What needs to be done: Exact copy, no pictures: repeat the data that follows.

[Scraped caption text data]

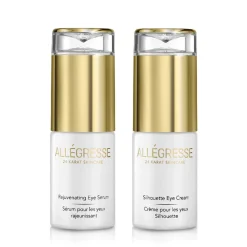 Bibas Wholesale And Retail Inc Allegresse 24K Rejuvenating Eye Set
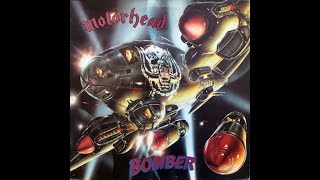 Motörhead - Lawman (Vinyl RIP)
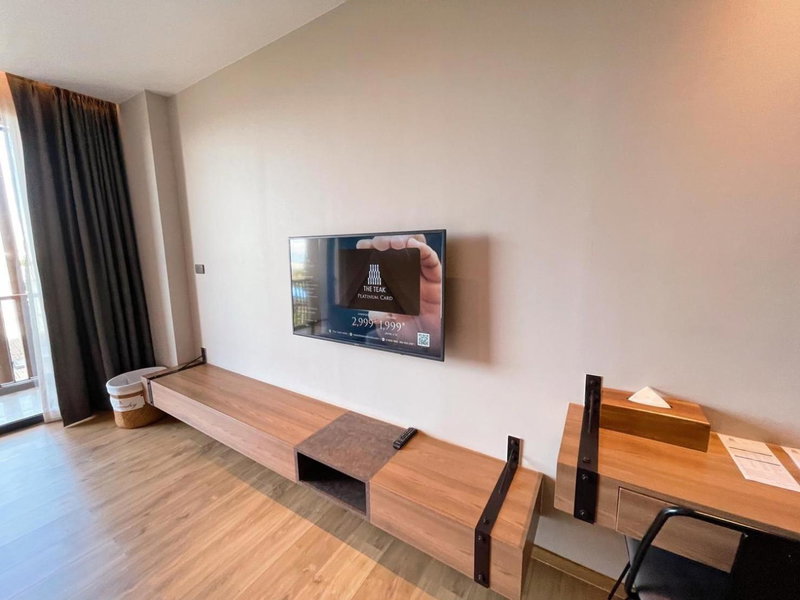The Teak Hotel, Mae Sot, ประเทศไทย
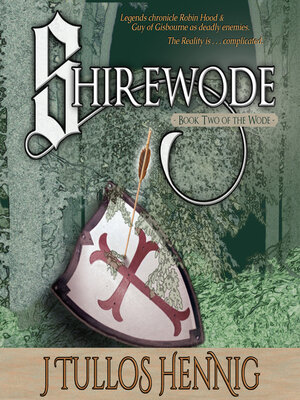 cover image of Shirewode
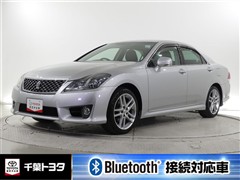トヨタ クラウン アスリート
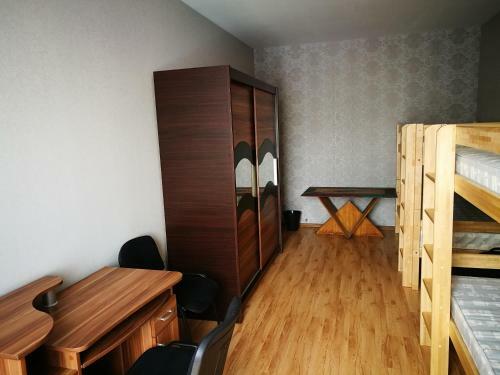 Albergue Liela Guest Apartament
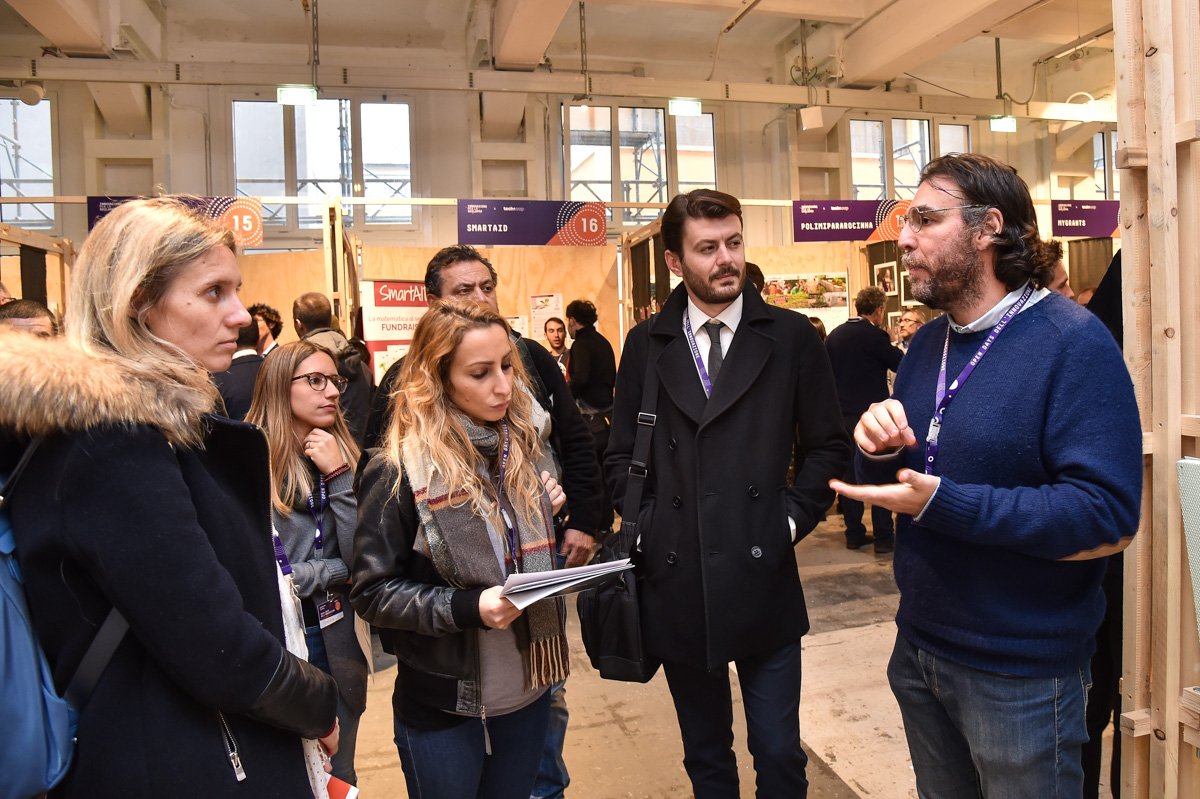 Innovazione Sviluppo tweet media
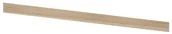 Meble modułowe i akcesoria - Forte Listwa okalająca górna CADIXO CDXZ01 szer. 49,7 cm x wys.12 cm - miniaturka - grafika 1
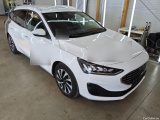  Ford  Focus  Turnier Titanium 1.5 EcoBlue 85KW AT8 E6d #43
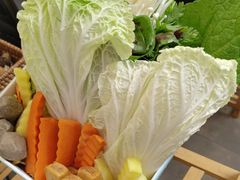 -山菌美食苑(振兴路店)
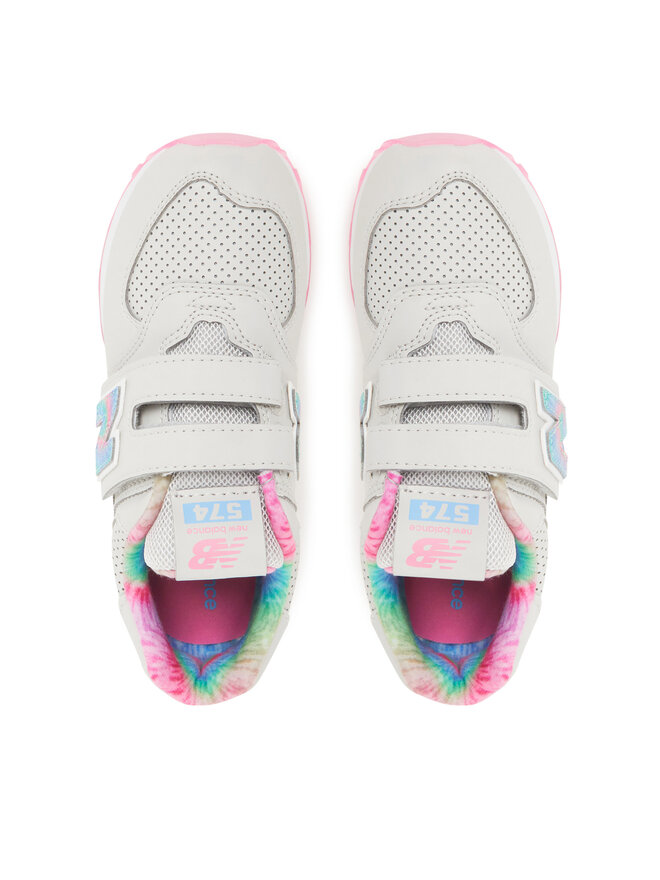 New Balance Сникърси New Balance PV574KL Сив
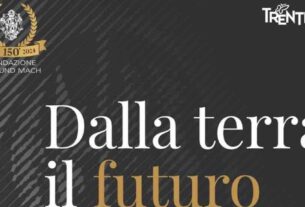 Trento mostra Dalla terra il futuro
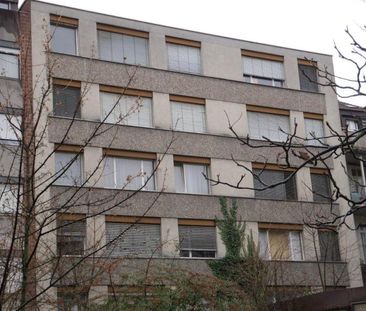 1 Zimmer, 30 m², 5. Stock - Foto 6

Answer for the task:
 Bibas Wholesale And Retail Inc Allegresse 24K Rejuvenating Eye Set
 Motörhead - Lawman (Vinyl RIP)
The Teak Hotel, Mae Sot, ประเทศไทย
 cover image of Shirewode
トヨタ クラウン アスリート
 Albergue Liela Guest Apartament
 Innovazione Sviluppo tweet media
 Meble modułowe i akcesoria - Forte Listwa okalająca górna CADIXO CDXZ01 szer. 49,7 cm x wys.12 cm - miniaturka - grafika 1
  Ford  Focus  Turnier Titanium 1.5 EcoBlue 85KW AT8 E6d #43
 -山菌美食苑(振兴路店)
 New Balance Сникърси New Balance PV574KL Сив
 Trento mostra Dalla terra il futuro
 1 Zimmer, 30 m², 5. Stock - Foto 6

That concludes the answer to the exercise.